Header image is D700 noise tests by Carl Jones used under license CC BY-NC
Something came up the other day that distracted me from an upcoming piece (stay tuned: it’s better, I promise!), and sent me on this little investigation. For anyone hoping that this post has some connection with the Rihanna song, let me just send you to the Youtube link now and we can avoid some impending disappointment.
Comparing NHL goalies, evermore
There’s a little corner of the sports stats world reserved for those who are nutty enough to try to improve goalie stats. The standard ways of looking at goalies, such as how many goals they give up per game or what percentage of shots they save, are very limited and will give a poor impression of goalie quality. The data is limited and has high variance, but bit by bit we are making it better.
I quite like the WAR on Ice method of adjusting for shot location on the ice. One current point of contention is how to incorporate shorthanded scenarios into our analysis. While most of a hockey game is played at full strength (5-on-5), the second largest situation for shots faced is 5-on-4, when the other team has a man advantage.
Recently Nick Mercadante, author of one of the articles linked above (and who explained the method excellently and colourfully at the 2015 RIT Hockey Analytics Conference - slides here), described his stance as to why he looks exclusively at 5-on-5 stats.
Why don't I do PK Mercad?
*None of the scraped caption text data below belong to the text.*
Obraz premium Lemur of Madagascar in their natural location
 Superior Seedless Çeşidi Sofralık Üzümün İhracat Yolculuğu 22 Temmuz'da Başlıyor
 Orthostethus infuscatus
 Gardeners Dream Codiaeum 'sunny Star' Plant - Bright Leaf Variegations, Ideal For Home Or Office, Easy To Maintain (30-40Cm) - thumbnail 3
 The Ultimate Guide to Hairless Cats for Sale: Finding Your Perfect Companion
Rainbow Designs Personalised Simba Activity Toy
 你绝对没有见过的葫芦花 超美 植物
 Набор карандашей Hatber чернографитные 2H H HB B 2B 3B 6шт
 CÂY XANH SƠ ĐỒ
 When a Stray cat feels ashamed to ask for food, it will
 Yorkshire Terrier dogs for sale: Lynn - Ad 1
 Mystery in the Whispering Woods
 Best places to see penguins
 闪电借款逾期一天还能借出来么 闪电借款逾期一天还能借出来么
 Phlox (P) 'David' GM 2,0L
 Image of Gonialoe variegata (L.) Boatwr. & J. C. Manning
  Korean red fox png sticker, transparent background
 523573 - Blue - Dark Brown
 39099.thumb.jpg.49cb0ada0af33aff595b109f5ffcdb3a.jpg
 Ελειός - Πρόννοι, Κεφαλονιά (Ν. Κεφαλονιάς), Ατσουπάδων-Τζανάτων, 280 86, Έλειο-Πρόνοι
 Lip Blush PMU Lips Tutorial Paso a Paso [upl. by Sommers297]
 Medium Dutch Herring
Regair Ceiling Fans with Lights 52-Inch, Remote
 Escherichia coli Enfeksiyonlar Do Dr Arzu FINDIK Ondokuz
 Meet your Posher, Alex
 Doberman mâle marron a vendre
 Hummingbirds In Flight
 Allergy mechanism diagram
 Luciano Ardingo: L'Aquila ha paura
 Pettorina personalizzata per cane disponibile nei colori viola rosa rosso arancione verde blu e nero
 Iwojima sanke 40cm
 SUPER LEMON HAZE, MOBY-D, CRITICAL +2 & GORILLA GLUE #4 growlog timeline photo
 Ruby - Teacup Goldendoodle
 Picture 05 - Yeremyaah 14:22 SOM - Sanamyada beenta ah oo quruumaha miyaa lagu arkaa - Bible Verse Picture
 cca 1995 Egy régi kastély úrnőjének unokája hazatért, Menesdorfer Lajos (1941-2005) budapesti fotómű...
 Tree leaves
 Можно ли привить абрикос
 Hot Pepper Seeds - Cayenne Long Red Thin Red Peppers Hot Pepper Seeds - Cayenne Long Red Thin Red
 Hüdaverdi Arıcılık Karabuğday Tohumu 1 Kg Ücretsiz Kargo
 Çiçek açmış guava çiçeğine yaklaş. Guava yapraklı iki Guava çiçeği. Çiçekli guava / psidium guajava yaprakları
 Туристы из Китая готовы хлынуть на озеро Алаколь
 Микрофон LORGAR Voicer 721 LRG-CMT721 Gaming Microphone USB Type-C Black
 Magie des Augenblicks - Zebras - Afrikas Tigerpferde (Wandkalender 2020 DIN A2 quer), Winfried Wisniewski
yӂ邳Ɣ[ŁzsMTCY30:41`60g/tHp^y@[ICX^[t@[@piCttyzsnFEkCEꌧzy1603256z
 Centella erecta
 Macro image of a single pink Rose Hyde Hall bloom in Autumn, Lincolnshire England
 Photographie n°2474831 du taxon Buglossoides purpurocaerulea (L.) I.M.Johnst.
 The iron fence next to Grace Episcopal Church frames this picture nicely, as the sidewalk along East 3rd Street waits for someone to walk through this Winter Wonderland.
No correlation between 5v5 and PK performance. Tells me PK is more team and/or opp driven. pic.twitter.com/QLoqqHQEHJ
— Nick Mercadante (@NMercad) May 4, 2016
What he’s showing there is that how well goalies perform 5-on-5 is not highly correlated with how well they perform shorthanded. He’s right on this (not that I’d doubt it, but I was able to replicate the general result).
Yet, that doesn’t end the debate. If anything, it’s a starting point.
Anyone interested in following along in code can find it in this repository.
What this could mean
The hypothesis that a goalie’s stats shorthanded are more strongly determined by how their team plays (or the other teams play) when a man down, rather than intrinsic goaltender ability, is entirely reasonable. This implies that there are team effects beyond just where the shooter can shoot from, since we can already adjust for that. The quality of shots within any location could depend more on team penalty defence. However, I feel there is room for alternative hypotheses.
- This implicitly assumes that the team effect is ruining our shorthanded stats and not the 5-on-5 stats, when it could possibly be the other way around.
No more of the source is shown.